Councillor for Ayr West, South Ayrshire
- In office 3 May 2007 – 4 May 2017

Personal details
- Born: William Grant 14 August 1951 (age 74) Glasgow, Scotland, UK^{[citation needed]}
- Party: Conservative
- Spouse: Agnes Grant
- Children: 2
- Alma mater: University of Edinburgh^{[citation needed]}

= Bill Grant (British politician) =

Scottish politician

William Grant (born 14 August 1951) is a Scottish Conservative Party politician who was the Member of Parliament (MP) for the Ayr, Carrick and Cumnock UK Parliamentary constituency from June 2017 to November 2019.

==Early life==
A miner's son, Grant was raised in Rankinston in Doon Valley, East Ayrshire, and educated at Littlemill Primary in northern Rankinston and Cumnock Academy.

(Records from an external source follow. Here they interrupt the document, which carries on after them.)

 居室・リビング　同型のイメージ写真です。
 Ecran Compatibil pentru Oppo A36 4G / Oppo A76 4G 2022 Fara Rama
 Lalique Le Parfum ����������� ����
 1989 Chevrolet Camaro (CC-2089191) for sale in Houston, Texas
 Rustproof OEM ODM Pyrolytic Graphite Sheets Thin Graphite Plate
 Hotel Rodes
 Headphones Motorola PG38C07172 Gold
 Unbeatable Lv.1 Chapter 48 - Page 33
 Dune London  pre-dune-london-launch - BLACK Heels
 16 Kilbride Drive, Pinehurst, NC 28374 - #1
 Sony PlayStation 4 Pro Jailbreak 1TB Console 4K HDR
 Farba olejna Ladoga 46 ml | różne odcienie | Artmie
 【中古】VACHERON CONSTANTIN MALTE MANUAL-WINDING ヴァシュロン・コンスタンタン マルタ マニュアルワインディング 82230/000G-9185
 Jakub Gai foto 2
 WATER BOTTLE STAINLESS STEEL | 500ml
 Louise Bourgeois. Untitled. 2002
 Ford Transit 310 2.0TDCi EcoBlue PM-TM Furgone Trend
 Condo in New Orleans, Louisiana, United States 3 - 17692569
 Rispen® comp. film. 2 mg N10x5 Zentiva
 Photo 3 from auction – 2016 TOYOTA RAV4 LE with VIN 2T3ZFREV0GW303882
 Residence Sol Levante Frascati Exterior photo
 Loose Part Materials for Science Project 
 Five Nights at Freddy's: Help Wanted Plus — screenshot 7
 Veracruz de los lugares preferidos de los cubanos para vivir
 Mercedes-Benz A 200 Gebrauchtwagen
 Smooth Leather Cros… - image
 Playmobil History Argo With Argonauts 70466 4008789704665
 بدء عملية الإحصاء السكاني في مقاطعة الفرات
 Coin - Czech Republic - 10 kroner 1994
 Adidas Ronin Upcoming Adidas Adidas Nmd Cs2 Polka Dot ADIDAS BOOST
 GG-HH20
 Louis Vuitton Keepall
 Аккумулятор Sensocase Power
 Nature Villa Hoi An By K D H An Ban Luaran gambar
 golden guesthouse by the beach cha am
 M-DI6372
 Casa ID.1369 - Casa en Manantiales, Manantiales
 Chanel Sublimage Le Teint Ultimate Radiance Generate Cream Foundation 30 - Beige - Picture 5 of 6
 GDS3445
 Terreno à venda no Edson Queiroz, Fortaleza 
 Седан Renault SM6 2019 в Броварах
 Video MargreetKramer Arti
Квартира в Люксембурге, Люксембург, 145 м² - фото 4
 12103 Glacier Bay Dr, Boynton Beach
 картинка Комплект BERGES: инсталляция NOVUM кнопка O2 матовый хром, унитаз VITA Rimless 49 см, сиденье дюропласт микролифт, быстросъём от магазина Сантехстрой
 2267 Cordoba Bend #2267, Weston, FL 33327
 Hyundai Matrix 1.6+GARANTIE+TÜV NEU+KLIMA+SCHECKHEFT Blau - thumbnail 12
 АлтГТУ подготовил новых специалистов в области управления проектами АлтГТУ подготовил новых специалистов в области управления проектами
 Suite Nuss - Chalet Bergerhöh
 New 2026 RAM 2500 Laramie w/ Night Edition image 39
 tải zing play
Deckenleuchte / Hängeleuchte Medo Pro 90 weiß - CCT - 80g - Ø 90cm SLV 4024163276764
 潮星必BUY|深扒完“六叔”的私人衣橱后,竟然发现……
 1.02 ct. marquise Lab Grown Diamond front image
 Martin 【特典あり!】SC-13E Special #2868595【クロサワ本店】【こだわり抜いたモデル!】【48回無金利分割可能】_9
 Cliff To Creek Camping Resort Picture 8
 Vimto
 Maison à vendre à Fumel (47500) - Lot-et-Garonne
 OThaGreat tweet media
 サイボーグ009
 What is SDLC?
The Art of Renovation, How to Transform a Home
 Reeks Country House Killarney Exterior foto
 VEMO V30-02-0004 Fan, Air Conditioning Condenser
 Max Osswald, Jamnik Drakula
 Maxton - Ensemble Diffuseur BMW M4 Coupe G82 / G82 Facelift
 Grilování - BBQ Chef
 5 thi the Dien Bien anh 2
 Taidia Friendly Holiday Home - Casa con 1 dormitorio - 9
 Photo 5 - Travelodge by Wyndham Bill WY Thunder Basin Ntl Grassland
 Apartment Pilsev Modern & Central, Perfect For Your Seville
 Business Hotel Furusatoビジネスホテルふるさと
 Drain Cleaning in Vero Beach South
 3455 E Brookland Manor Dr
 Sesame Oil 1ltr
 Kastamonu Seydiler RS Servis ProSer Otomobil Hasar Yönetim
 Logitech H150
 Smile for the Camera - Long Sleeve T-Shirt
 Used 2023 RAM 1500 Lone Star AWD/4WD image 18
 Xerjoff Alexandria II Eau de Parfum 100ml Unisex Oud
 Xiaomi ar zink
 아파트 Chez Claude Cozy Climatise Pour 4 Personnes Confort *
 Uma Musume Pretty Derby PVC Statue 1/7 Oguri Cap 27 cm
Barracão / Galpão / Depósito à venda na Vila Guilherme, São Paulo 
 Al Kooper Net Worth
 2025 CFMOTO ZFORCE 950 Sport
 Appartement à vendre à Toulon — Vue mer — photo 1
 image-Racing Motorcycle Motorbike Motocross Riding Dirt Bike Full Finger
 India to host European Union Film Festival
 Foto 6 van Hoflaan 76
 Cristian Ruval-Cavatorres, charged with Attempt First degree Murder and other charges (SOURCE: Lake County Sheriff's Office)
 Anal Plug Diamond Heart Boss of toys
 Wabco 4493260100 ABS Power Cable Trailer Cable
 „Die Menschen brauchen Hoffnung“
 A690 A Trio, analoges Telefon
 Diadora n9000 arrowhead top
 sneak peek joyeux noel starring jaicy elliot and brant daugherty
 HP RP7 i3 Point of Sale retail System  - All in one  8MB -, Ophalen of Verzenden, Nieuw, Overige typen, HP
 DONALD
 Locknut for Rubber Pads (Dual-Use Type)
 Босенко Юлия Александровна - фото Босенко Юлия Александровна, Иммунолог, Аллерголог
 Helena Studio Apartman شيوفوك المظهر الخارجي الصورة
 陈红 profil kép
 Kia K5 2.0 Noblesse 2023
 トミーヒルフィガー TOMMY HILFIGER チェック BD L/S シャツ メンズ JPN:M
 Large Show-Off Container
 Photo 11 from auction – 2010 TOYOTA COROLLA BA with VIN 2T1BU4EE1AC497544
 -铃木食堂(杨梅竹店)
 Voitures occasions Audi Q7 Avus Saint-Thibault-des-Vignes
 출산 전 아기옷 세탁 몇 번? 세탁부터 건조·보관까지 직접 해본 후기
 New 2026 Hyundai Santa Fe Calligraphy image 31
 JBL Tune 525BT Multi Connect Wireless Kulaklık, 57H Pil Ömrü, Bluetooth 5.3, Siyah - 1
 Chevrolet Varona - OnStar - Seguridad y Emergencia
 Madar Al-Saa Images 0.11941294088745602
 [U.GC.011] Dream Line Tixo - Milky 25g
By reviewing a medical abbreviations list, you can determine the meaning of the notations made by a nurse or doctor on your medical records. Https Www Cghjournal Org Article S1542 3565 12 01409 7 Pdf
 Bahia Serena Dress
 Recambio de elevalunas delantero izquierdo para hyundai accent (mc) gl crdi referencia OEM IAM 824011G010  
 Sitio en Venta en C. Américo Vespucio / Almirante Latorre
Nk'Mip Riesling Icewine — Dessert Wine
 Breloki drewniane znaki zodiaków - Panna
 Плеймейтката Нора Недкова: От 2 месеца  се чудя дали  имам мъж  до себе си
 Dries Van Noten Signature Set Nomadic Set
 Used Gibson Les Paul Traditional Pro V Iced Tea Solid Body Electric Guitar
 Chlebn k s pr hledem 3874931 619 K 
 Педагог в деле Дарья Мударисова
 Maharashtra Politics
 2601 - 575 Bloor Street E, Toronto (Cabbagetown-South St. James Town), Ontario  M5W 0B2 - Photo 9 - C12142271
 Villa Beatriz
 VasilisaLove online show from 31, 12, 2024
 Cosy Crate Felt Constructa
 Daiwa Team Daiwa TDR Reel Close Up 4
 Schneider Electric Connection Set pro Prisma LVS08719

After his education, Grant moved to Ayr and worked in the fire brigade for 31 years, retiring as a deputy commander in the Strathclyde Fire and Rescue Service. He served as a justice of the peace for ten years on Ayr District Court.

==Political career==
Bill Grant was first elected as a Conservative councillor on South Ayrshire Council at the 2007 Council elections, being elected to serve as one of four councillors in the Ayr West ward with more First Preference votes than any other candidate in the ward at 2,176 votes (30.3%), taking more votes than fellow Conservatives Robin Reid and Alistair Kerr. He was re-elected in the 2012 Council elections with 1,992 First Preference votes (33.8%), again with more First Preference votes than any other candidate, including fellow Conservative Robin Reid.

Grant stood as the Scottish Conservative Party candidate in Ayr, Carrick and Cumnock at the 2010 UK general election, coming in second place behind Labour's Sandra Osborne with a total of 11,721 votes (25.5%), an increase of 2.4% from the previous election of 2005. He successfully gained the seat for the Conservatives at the 2017 general election from the SNP's Corri Wilson, taking 18,550 votes (40.1%) ahead of the SNP's Corri Wilson on 15,776 votes (34.1%), with a 2,774 vote (6.0%) majority, on a 17.5% swing from the SNP to the Conservatives.

Grant made his maiden speech to the UK House of Commons on 3 July 2017. In his first year in office as an MP, Bill Grant spoke in 89 debates and voted in 266 out of 284 votes (93.7%) in the Parliament, well above average amongst MPs. During this period, Bill Grant only rebelled against his party once in the appointment of Sir Ian Kennedy as Electoral Commissioner.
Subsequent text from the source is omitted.